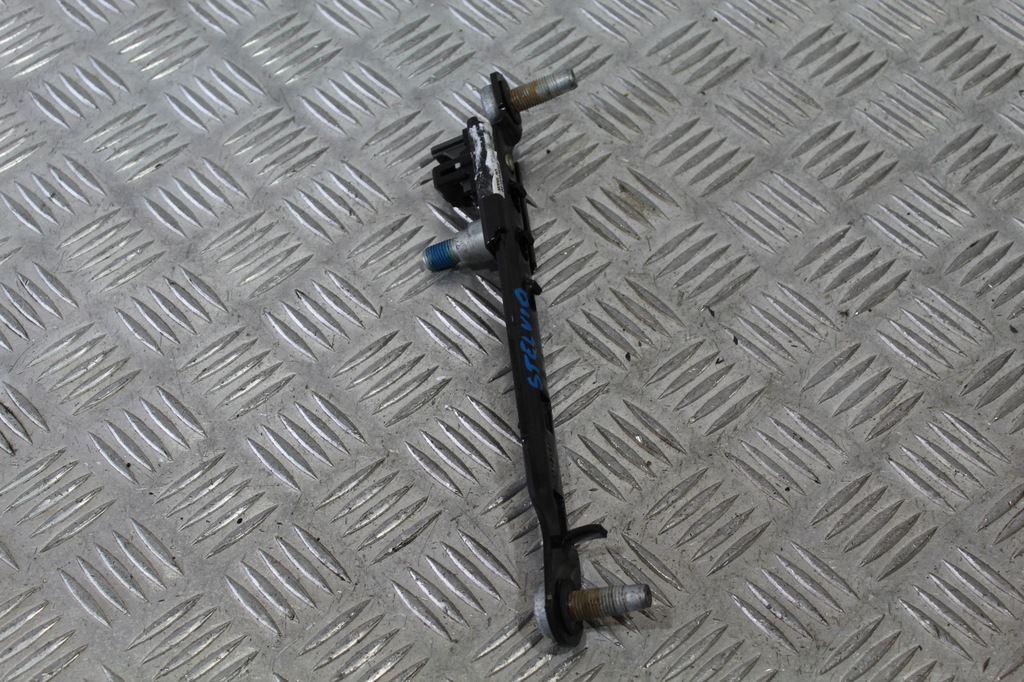 фото №1, Регулювання ременів безпеки stelvio 68102586ab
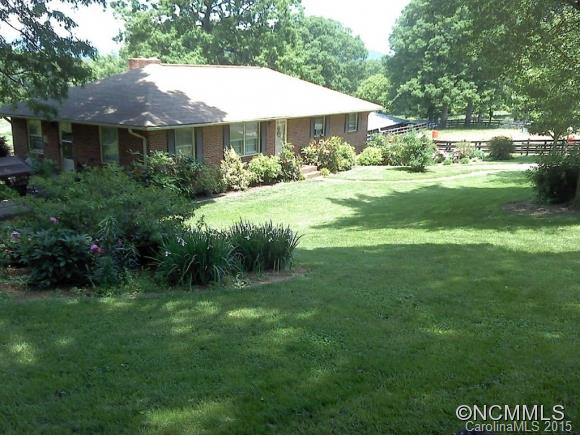 15 Hoyt Road Arden NC 28704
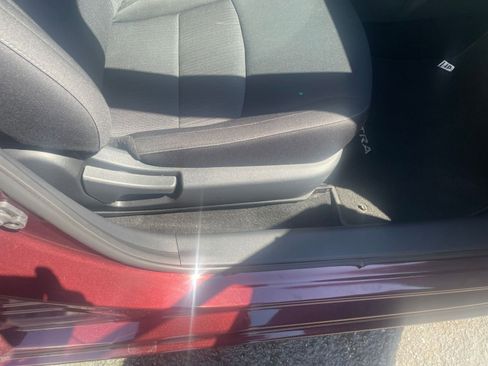 Used 2025 Nissan Sentra SV image 27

## Brief
Leaving the pictures out, write out all the material above exactly.

## Exercise result
 фото №1, Регулювання ременів безпеки stelvio 68102586ab
 15 Hoyt Road Arden NC 28704
 Used 2025 Nissan Sentra SV image 27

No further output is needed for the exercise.